The study was conducted for evaluating the influence of sonication and microwave treatments on physicochemical properties of phalsa drink during storage of four months. It may attributed from the present study that combinations of sonication and microwaves treatments produced high quality phalsa drink with valuable stability of physicochemical and phytochemical parameters during storage. In combined treatments of sonication and microwave pH, acidity, TSS, ascorbic acid, antioxidant activity, total, phenols, flavonoids, and reducing power of phalsa drink gradually enhanced.
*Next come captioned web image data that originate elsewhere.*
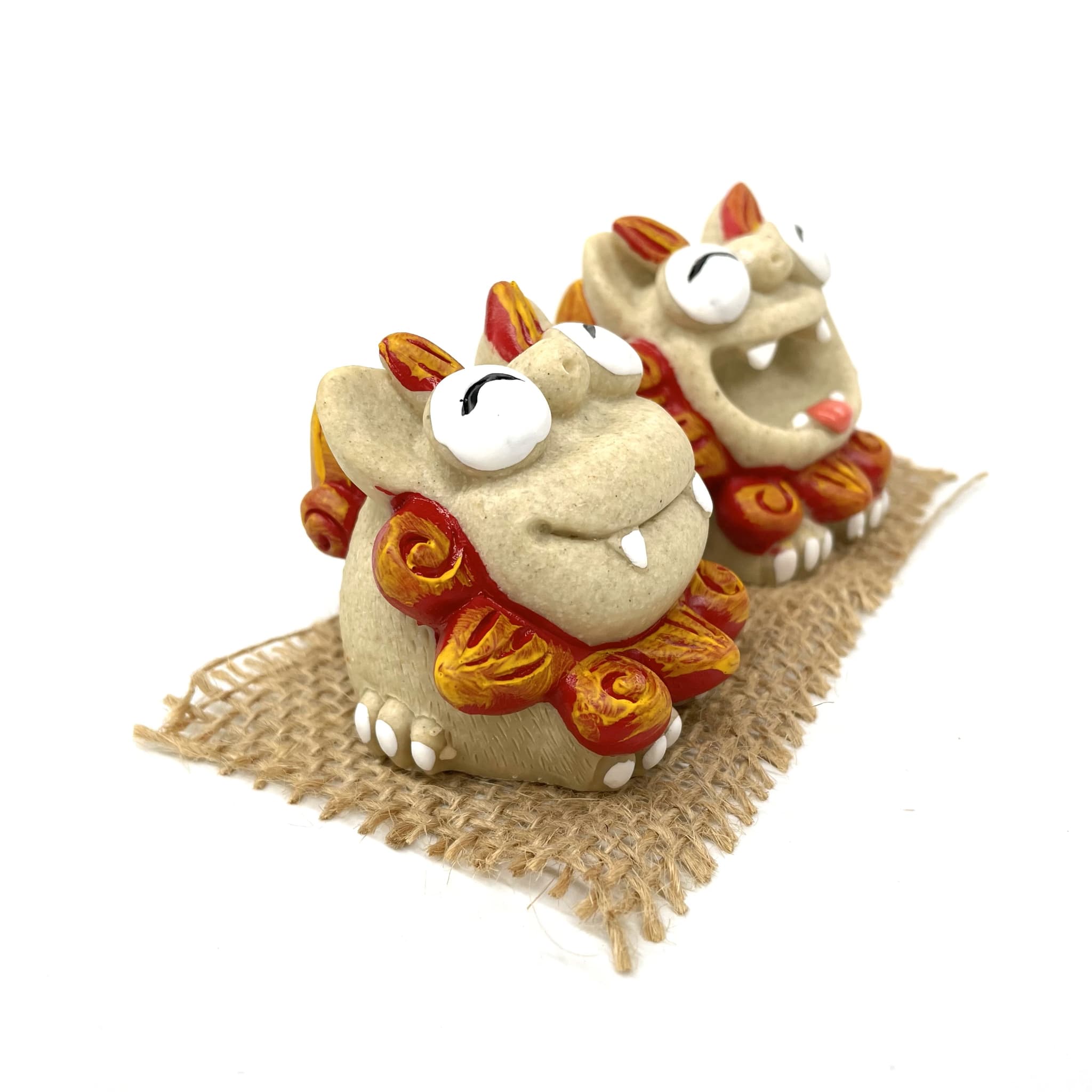 大笑いシーサー正面(5.5cm)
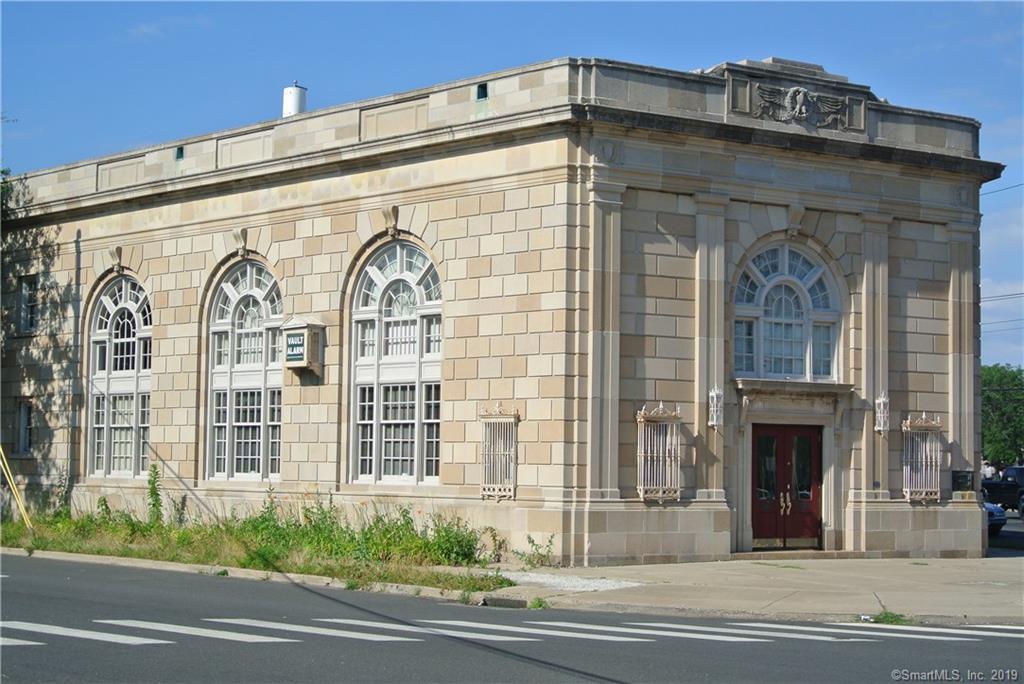 1 Circular Avenue - Photo 1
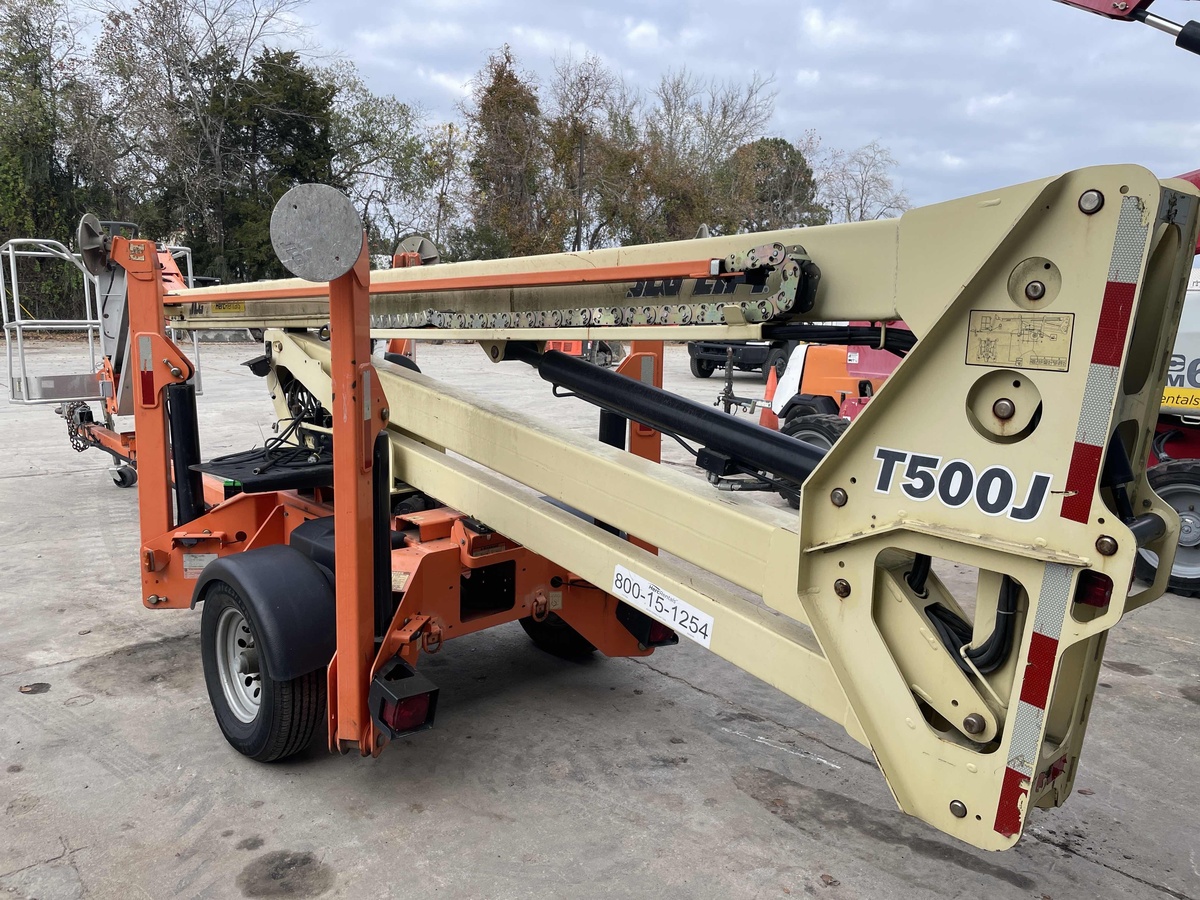 2017 JLG T500J-4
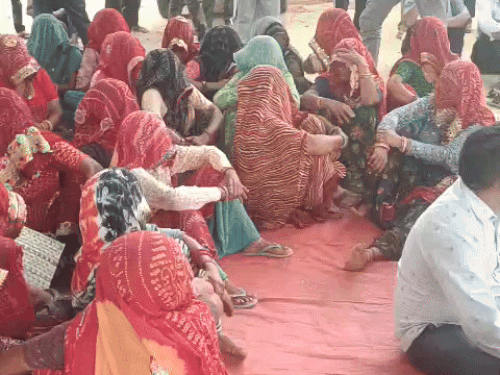 झुंझुनूं के बीडीके हॉस्पिटल की मॉर्च्युरी के बाहर परिजन और समाज के लोगों का धरना कल से जारी है।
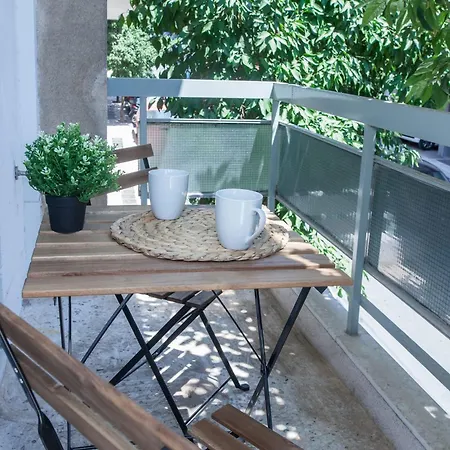 Panormou Modern 3 Bd Apt With Balcony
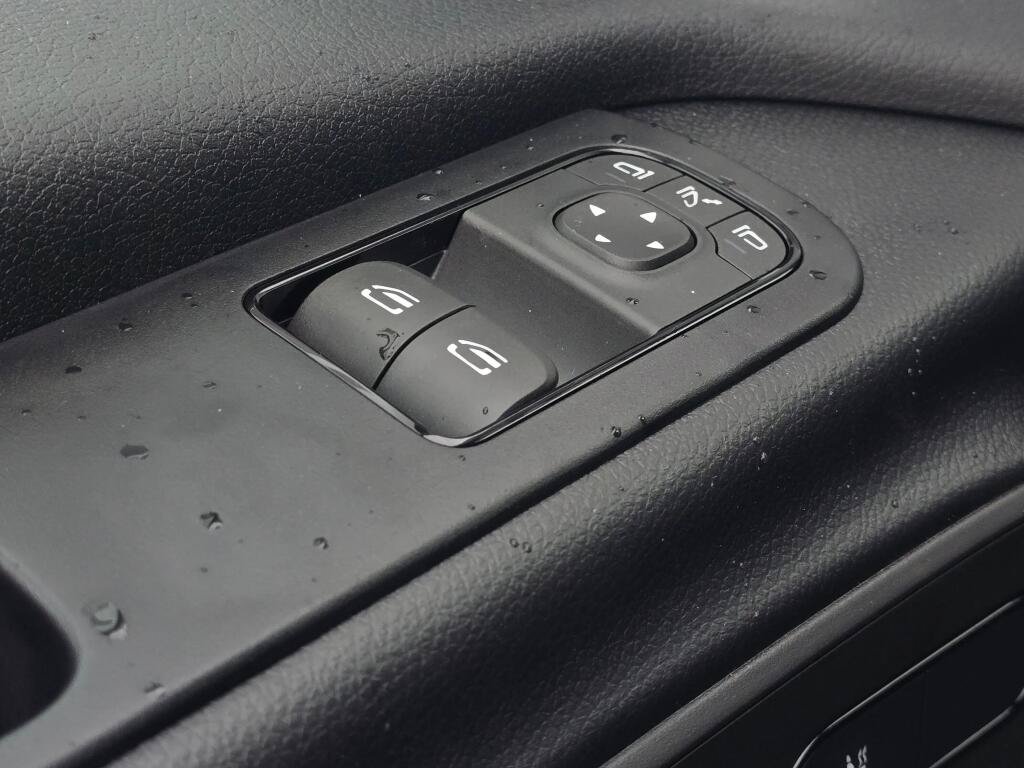 New 2025 Mercedes-Benz eSprinter 170 Cargo image 31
In addition, at 8 min of sonication with 2 min of microwaves showed the maximum retention in phytochemicals and reduced microbial load but on giving further time in sonication, it showed decline in phenolic compounds and ascorbic acid. On the basis of present study we suggested that the combined use of sonication and microwave processing of phalsa drink without chemical preservation may be implemented on commercial scale with improved quality and shelf stability during storage.